Junior forward Donta Scott, who scored only 10 combined points in his last two games along with 1-for-13 shooting, missed his opening three shots from the floor. His eight first-half shot attempts led the team, but he ended the first half with just six points. Scott added eight more points in the second half to round out his 14-point performance on a fairly inefficient 38% shooting.

Then there’s senior guard Eric Ayala, who continued his first-half struggles with seven points on 2-for-7 shooting. Ayala was cold in the loss to Indiana, hitting two field goals, including going just 20% from three-point range. He missed a few shots by a wide margin in the opening half and didn't help the Terps avoid an otherwise mediocre 25-point first-half. The senior finished with a team-high 15 points, but on a 4-for-15 clip from the field.
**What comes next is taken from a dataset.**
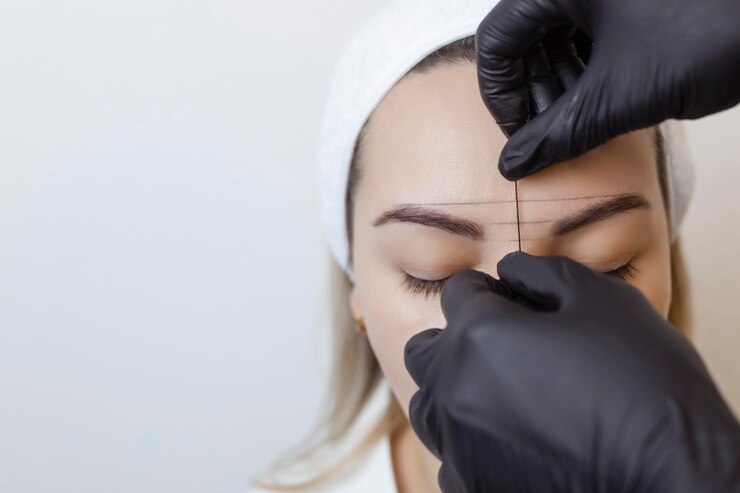 Il maestro del trucco permanente del sopracciglio del tatuaggio del sopracciglio applica il contorno con il filo sui clienti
It wasn’t pretty for Ayala from deep either as he successfully knocked down one of his seven attempts from long range.

“I think I settled a lot for the three,” Ayala said after the game. “Early on I had success getting to the rim... and then on a couple of those threes I could’ve gone to the lane or found a teammate or something... got to mix it up a little bit more.”

Transfer point guard Fatts Russell was welcomed into the game abruptly with a hard blocking foul inside the paint 13 seconds in the game. Russell’s availability entering Tuesday was fairly up in the air due to a hand/wrist injury, but he ultimately started the game.

“I figured out this morning when we were at shoot-around... I just decided to give it a go,” Russell said on when he found out he’d be good to go for Tuesday’s game. “I just felt good out there, I fell on it one of those plays during the game but for the most part it felt good.”

He had only three points in the first half and ended with 10 in total.

All-in-all, it was another day of slumping offensively for a Maryland team that desperately needed at least one win in its two-game home-stand against Indiana and Michigan State.

Maryland shot just 24% from beyond the arc and 43% from the floor in the team’s second straight defeat. In comparison, the Terps came into the game averaging around 70 points per game and shooting nearly 32% from deep.

Maryland dropped two straight games in what was likely the most important stretch of its 2021-22 season.

Maryland had found some success in contests with ranked teams this season, rattling off two wins in three tries against programs. It had won games against then-No. 20 Florida and then-No. 17 Illinois, while the only game it dropped to a team located within the AP Top 25 was the matchup with then-No. 23 Wisconsin.

But when Maryland needed a win the most it has probably all season, it couldn’t get the job done on its home court in front of another energized crowd. The Terps had two prime chances to crawl out of the Big Ten’s basement with games against Indiana and Michigan State, both of which came at home.

It was an opportunity that made itself present after Maryland ripped off wins against Rutgers and Illinois, which marked the first time the Terps built together a two-game winning streak against Big Ten opponents this season.

But such momentum was short-lived.

Maryland’s loss to the Hoosiers differed in style from the loss to Michigan State, but the added number to the right side of the record column all counts the same for a team that sees its regular season game total dwindling.

Maryland still finds itself in the bottom-four in the Big Ten standings after the two consecutive losses with only nine games left before the Big Ten tournament seeds are set in place.

Upcoming for the Terps will be a tough road ahead that seems to only get tougher as the schedule pushes along. Two critical road matchups — one against Ohio State and the other against Big Ten Goliath Purdue — will be some of the Terps' last few chances to pull off a late-season miracle.

Just about every game from now on is a must-win for the Terps, whose postseason hopes continue to shrink with each defeat.